Miln App Membership includes true reachability verification.

Beyond works out where your Mac is on the Internet and if others can reach you. What does this mean and how does it work?

Internet Addresses and Private Networks

Every Mac connected to the Internet has an Internet Protocol (IP) address assigned to it. This IP address is provided by your Internet Service Provider (ISP) and it is needed to allow your Mac to communicate on the network.

Some IP addresses are private and limited to a specific network. Some addresses are public and can be used globally. Other addresses are locked into intranets.

Importantly, for Beyond, only some IP addresses allow incoming and outgoing connections. To act as a server on the Internet, you need an IP address that others can connect to. You need a public IP address.

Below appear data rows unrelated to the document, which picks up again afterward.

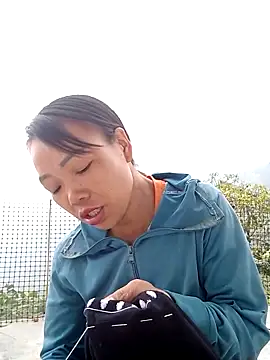 anna-can online show from 03-10-26, 04:17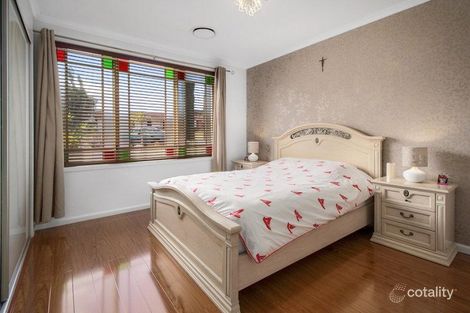 Property photo of 1 Bass Close Hinchinbrook NSW 2168
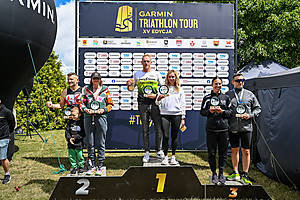 garmin_dekoracje_ps_070.jpg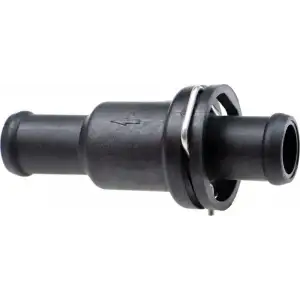 RAPRO Termostat (75°c Gövde ile) - VW Grubu (VW/Audi/Seat/Skoda) R25767/P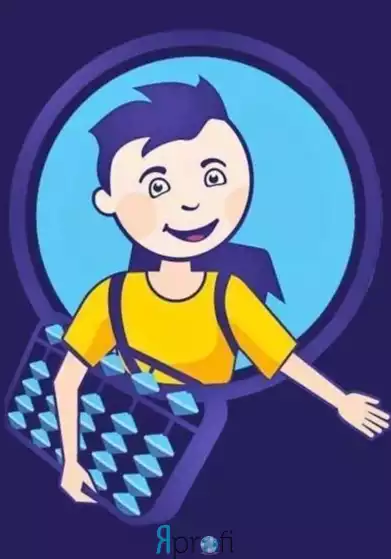 Центр "SMARTUM" 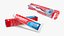 Colgate Toothbrush with Toothpaste Collection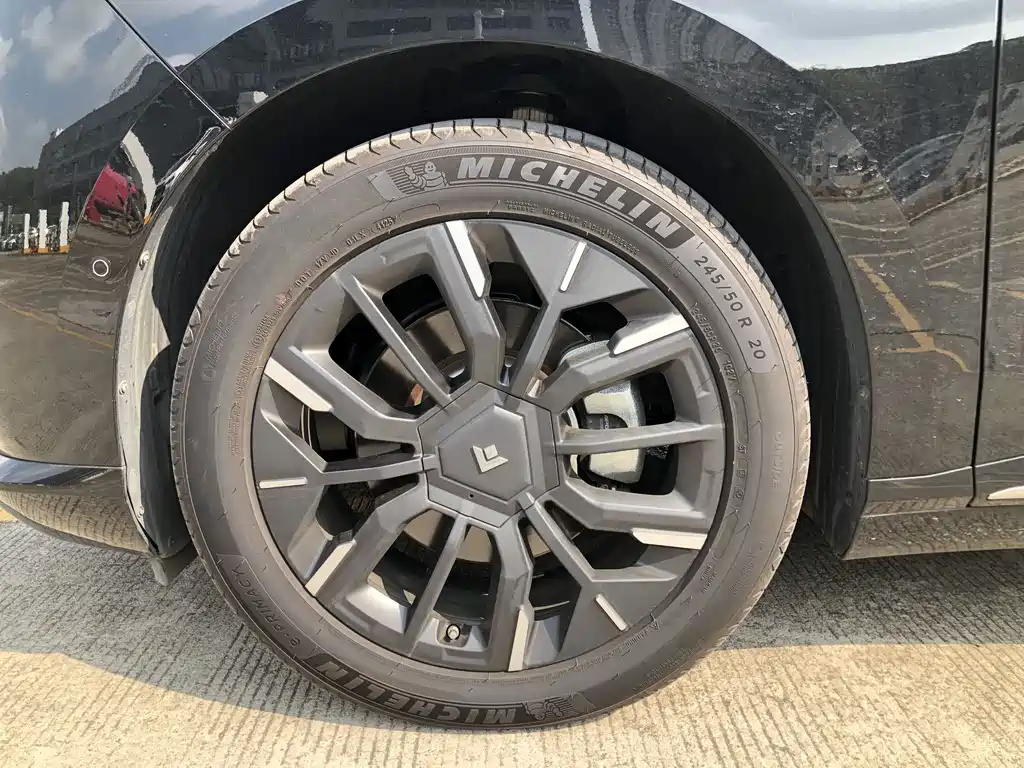 Hyper HT — миниатюра 17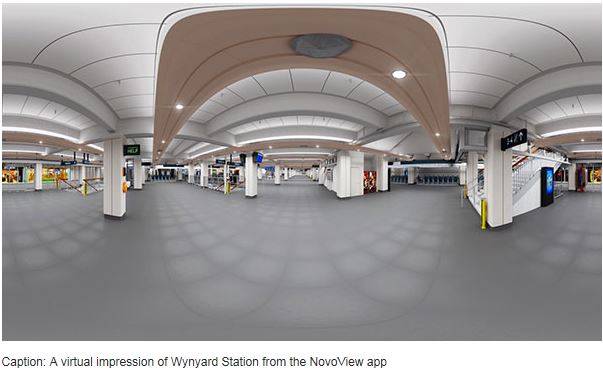 (source: Transport for NSW website)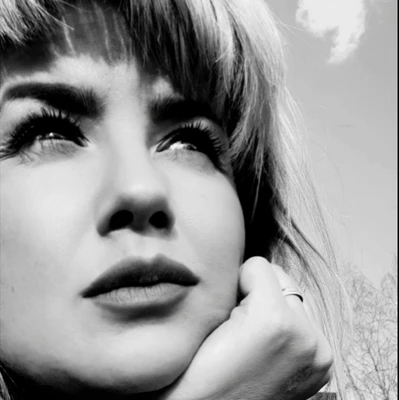 Фото Bagrinzeva Anna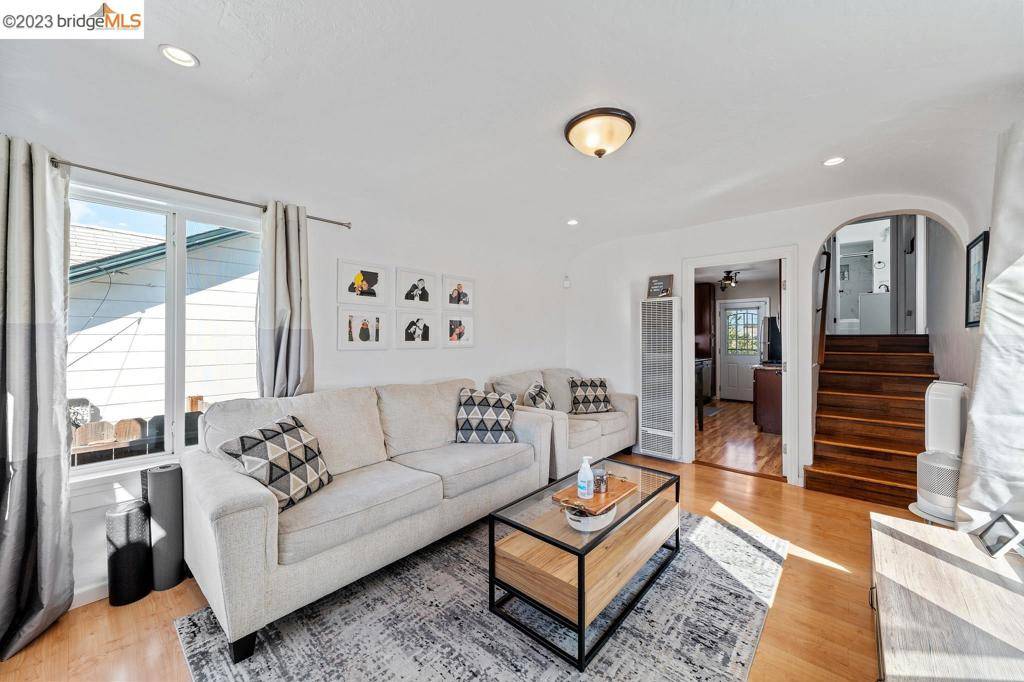Richmond, CA 94804,2881 Mcbryde Ave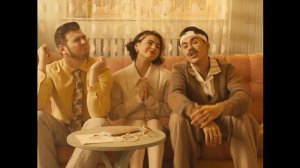 GAYAZOV$ BROTHER$ - С ДНЁМ РОЖДЕНИЯ (Official Music Video)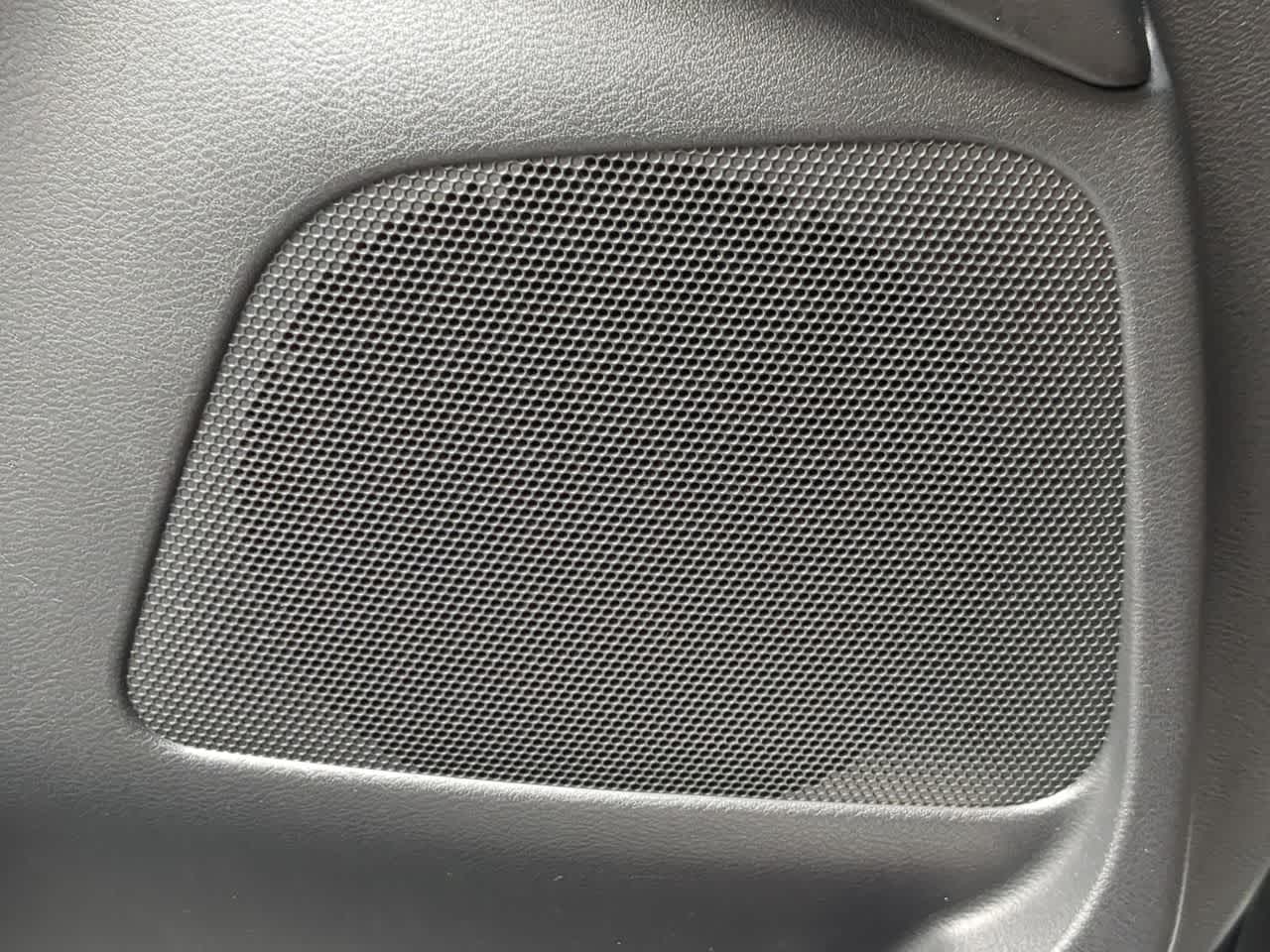 Thumbnail: 2019 Nissan Murano - 28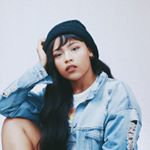 Profile Picture of Aaron Avery (@ohhowfunnyaaron20) on Instagram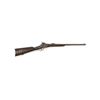 Image 1 : Sharps U.S. New Model 1863 Breech-Loading Carbine
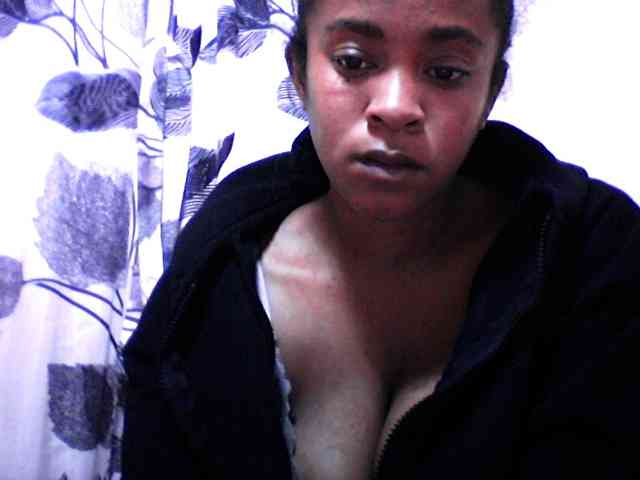 silviaLaBombe webcam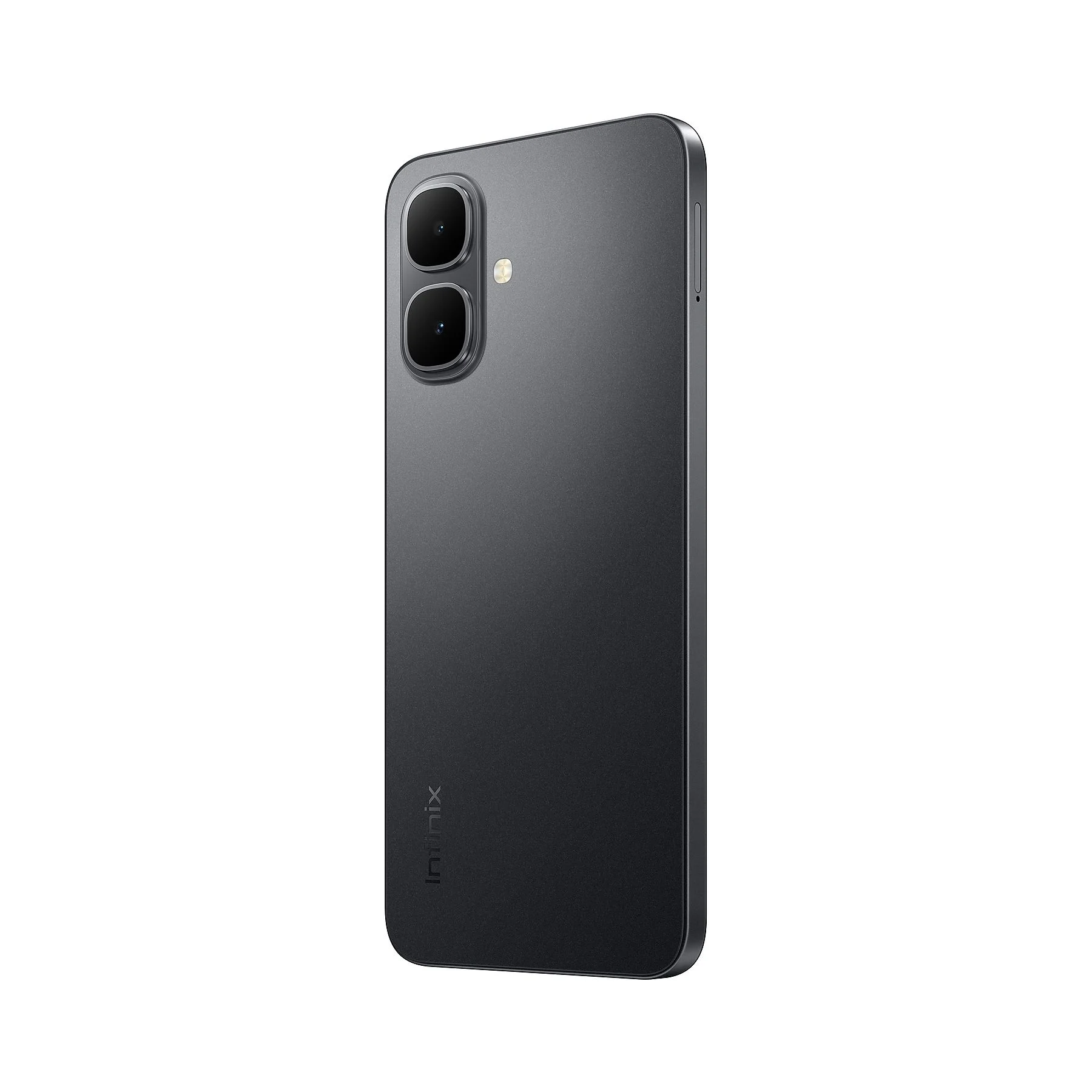 Infinix Smart 10 128 GB (Distribütör Garantili)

So how do you know if you have a public IP address? You do not. Not simply anyway.

What is my IP?

You might be thinking that you can easily determine your public IP address. Lots of services exist to tell you your outbound IP address.

This tells you nothing about accepting incoming connections to that address. It also tells you nothing about your non-default routes to the Internet.

Testing Reachability

Beyond actively tests if your Mac is reachable from the Internet. I called this true reachability because your Mac is actively checked for handling both incoming and outgoing traffic.

Reachability verification requires a few steps that involve coordination between your Mac running Beyond, and services I provide to Beyond Members on the Internet. This all happens automatically and requires no technical knowledge. Beyond's beauty is its simplicity of use.

One IP Address? Many!

Beyond first gathers all the IP addresses associated with your Mac's network connections. These include ethernet, wireless, mobile, and any other network connections your Mac may have. Every TCP/IP network connection has at least one IP address associated with it.

Those IP addresses are filtered to remove the known private addresses. Private addresses are reserved by the Internet Engineering Task Force (IETF) for specific uses and should never be used on the global Internet. Beyond also filters out dynamically assigned addresses used for ad-hoc networking.

You can see the gathered addresses in the Beyond Network window of the Beyond application. I suspect many of you will be surprised by how many IP addresses your Mac has.

Gateway Devices

Beyond also searches for Internet Gateway Devices (IGD) on your local network. These are devices that provide either Network Address Translation (NAT) or Universal Plug and Play (UPnP) services.

Internet Gateway Devices are commonly part of your home router or modem. This box connects your Mac to the wider Internet. Many boxes offer a protocol for allowing computers within your local network to accept incoming connections from the global Internet. The two most common protocols are NAT and UPnP. Beyond supports both of these protocols.

If a gateway device is found, Beyond adds its external address to the list of IP addresses to test. It could be the gateway device's address is your true global IP address.

Potential to Proved

With a list of potential IP addresses gathered, Beyond needs help from outside the local network.

Beyond talks to a service provided to Beyond Members. Together they test each potential IP address. The tests determine which IP addresses allow your Mac to serve the Internet.

If both the local Beyond and external service tests pass, then the IP address is shown as verified. Only at this point do you know the address is truly reachable from the global Internet.

What good is a public IP address?

Your Mac can only act as a server to those it can reach. Without a public IP address, any server or service running on your Mac is limited to either the local network or just your computer.

With a public IP address, your Mac can reach the world.

With a verified public IP address, Beyond Members get a domain name.